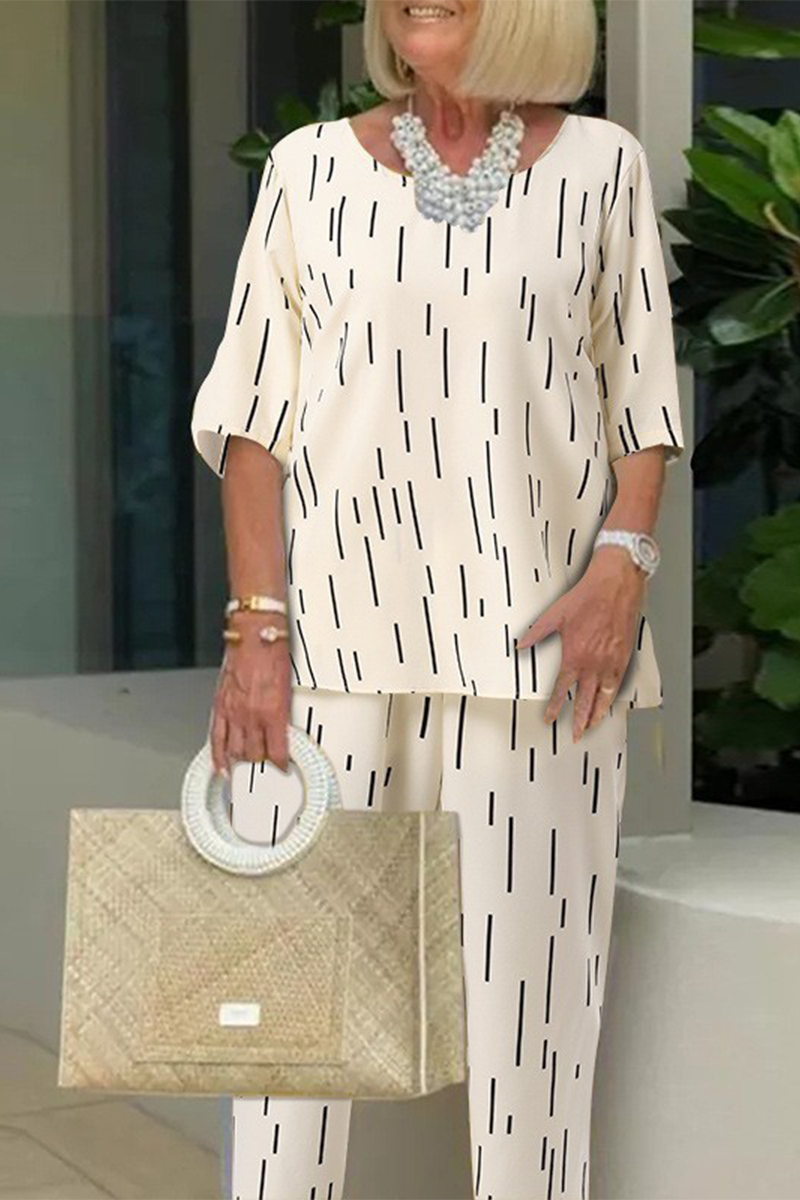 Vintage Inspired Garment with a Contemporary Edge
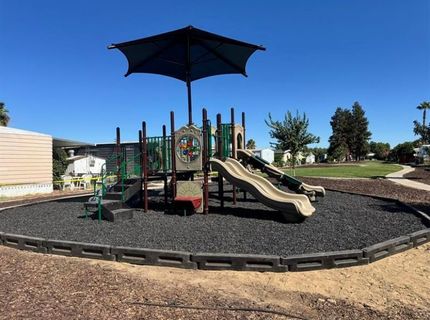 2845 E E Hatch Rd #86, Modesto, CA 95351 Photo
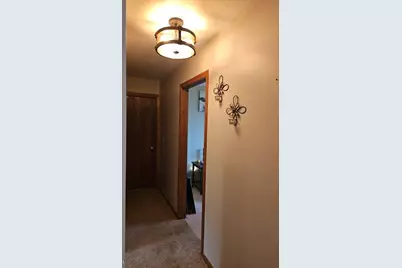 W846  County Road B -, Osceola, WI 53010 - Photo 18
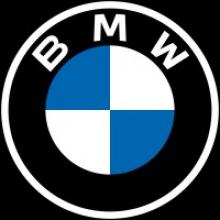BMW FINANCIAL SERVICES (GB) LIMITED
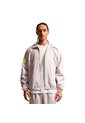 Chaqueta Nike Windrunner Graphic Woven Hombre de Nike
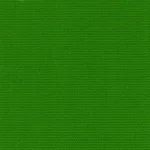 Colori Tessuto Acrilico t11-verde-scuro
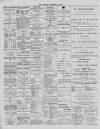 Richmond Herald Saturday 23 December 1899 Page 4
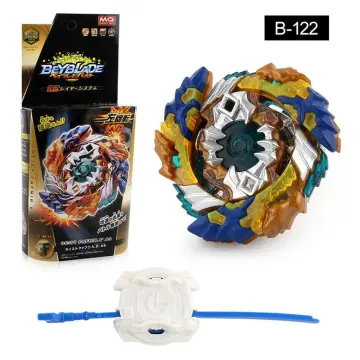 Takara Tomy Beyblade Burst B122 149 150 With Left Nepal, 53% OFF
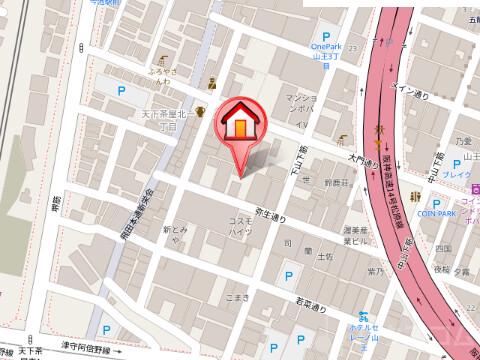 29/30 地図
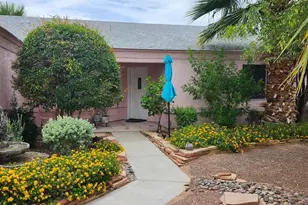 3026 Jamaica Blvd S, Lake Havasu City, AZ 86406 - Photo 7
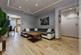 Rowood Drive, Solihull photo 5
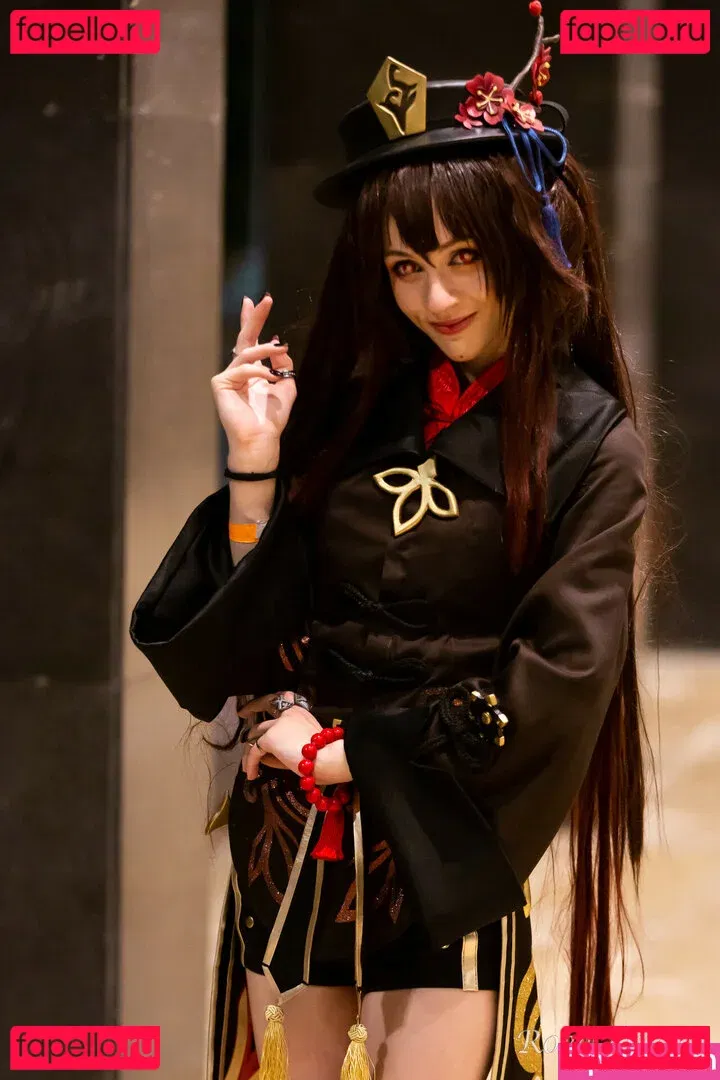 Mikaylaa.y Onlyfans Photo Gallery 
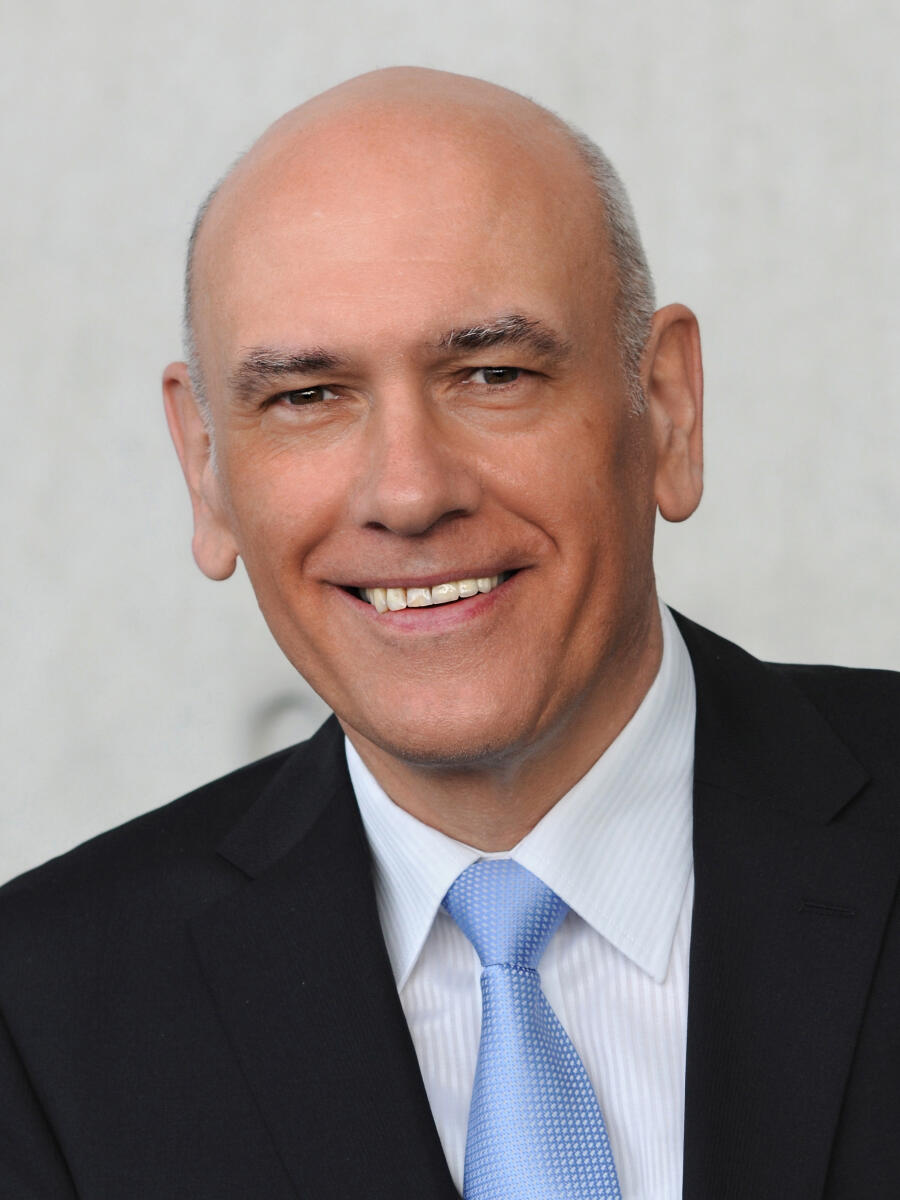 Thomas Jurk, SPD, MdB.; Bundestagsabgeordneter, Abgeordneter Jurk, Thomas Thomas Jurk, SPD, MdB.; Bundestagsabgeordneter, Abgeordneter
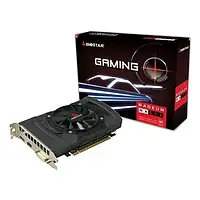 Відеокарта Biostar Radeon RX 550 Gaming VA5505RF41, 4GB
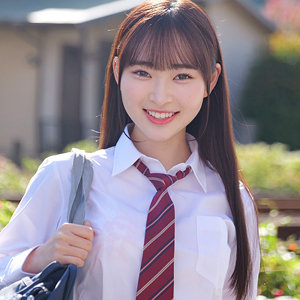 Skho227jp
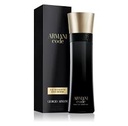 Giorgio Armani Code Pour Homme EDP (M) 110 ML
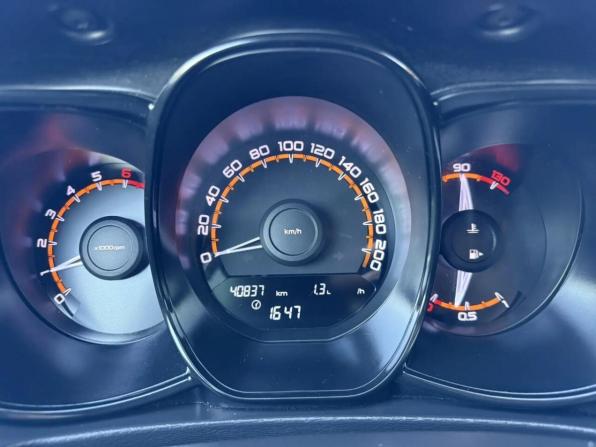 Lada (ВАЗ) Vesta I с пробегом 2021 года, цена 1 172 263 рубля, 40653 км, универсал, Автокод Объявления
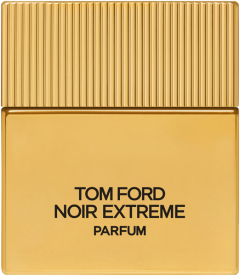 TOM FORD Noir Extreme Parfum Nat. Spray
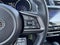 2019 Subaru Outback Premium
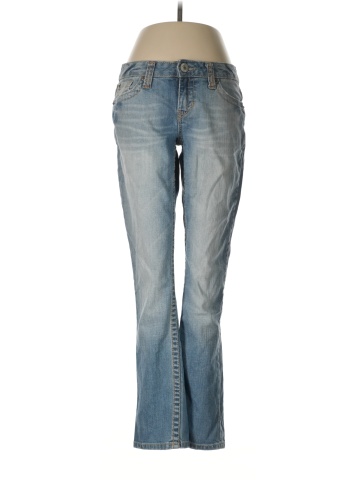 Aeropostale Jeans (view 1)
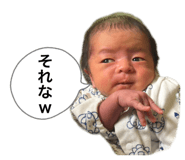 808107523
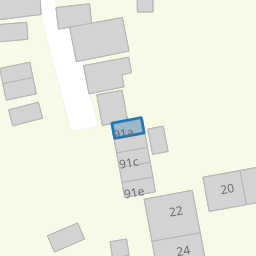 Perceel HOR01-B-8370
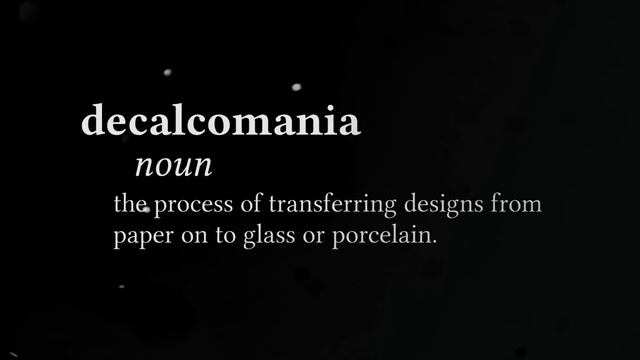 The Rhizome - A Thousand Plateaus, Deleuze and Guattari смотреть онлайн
□ □ □
▶ **Task description**: Retype the listing above exactly as it appears, omitting the pictures.

▶ **Result**:
 Vintage Inspired Garment with a Contemporary Edge
 2845 E E Hatch Rd #86, Modesto, CA 95351 Photo
 W846  County Road B -, Osceola, WI 53010 - Photo 18
BMW FINANCIAL SERVICES (GB) LIMITED
 Chaqueta Nike Windrunner Graphic Woven Hombre de Nike
 Colori Tessuto Acrilico t11-verde-scuro
 Richmond Herald Saturday 23 December 1899 Page 4
 Takara Tomy Beyblade Burst B122 149 150 With Left Nepal, 53% OFF
 29/30 地図
 3026 Jamaica Blvd S, Lake Havasu City, AZ 86406 - Photo 7
 Rowood Drive, Solihull photo 5
 Mikaylaa.y Onlyfans Photo Gallery 
 Thomas Jurk, SPD, MdB.; Bundestagsabgeordneter, Abgeordneter Jurk, Thomas Thomas Jurk, SPD, MdB.; Bundestagsabgeordneter, Abgeordneter
 Відеокарта Biostar Radeon RX 550 Gaming VA5505RF41, 4GB
 Skho227jp
 Giorgio Armani Code Pour Homme EDP (M) 110 ML
 Lada (ВАЗ) Vesta I с пробегом 2021 года, цена 1 172 263 рубля, 40653 км, универсал, Автокод Объявления
 TOM FORD Noir Extreme Parfum Nat. Spray
 2019 Subaru Outback Premium
 Aeropostale Jeans (view 1)
 808107523
 Perceel HOR01-B-8370
 The Rhizome - A Thousand Plateaus, Deleuze and Guattari смотреть онлайн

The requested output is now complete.